Néanmoins, Monsieur Ségla rompt l'atmosphère tendue et s'adresse à moi le plus professionnellement possible. Il me pose toutes sortes de questions sur mon expérience, sur mes études, sur mon projet professionnel. J'essaie de répondre sans bégayer, je réfléchis avant pour ne pas dire n'importe quoi. Et puis, il m'explique en quoi consiste le boulot de serveuse au Louvre, les responsabilités, les horaires, le salaire. J'écoute avec attention, hochant la tête à tout bout de champ pour montrer que je comprends, que ça me convient. Pendant tout ce temps, Madame Ouissal reste en retrait, elle est trop préoccupée à regarder de biais Monsieur Ségla pour prendre part à l'entretien. Ce dernier n'arrête pas de gigoter maladroitement, comme s'il voulait esquiver ces oeillades.

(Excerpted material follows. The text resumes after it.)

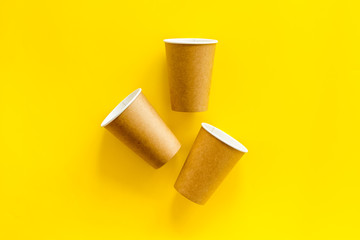 Paper cups for coffee to go on yellow background top view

Je fais en sorte de rester concentrée sur ce qu'il dit, mais mon attention est sans cesse retenue par leur jeu amoureux. Je présage que la réconciliation n'est pas loin.
    - " Et bien, Mademoiselle Everyne, je crois qu'on a fait le tour. Est-ce que vous avez des questions ?
    - Euh... A vrai dire, vous avez répondu clairement à toutes les questions que je m'étais posées avant de venir.
  - Tant mieux, tant mieux. Ce qu'on va faire maintenant, c'est faire le bilan des quatre ou cinq candidatures qu'on a vues jusqu'à présent. Et on vous rappellera d'ici... on est lundi... disons qu'on vous rappellera jeudi. Cela vous convient ?
    - Bien sûr.
    - On fait comme ça, alors ? Que ce soit positif ou négatif, on vous appelle jeudi au plus tard. C'est toi qui a son numéro, Bergite ? "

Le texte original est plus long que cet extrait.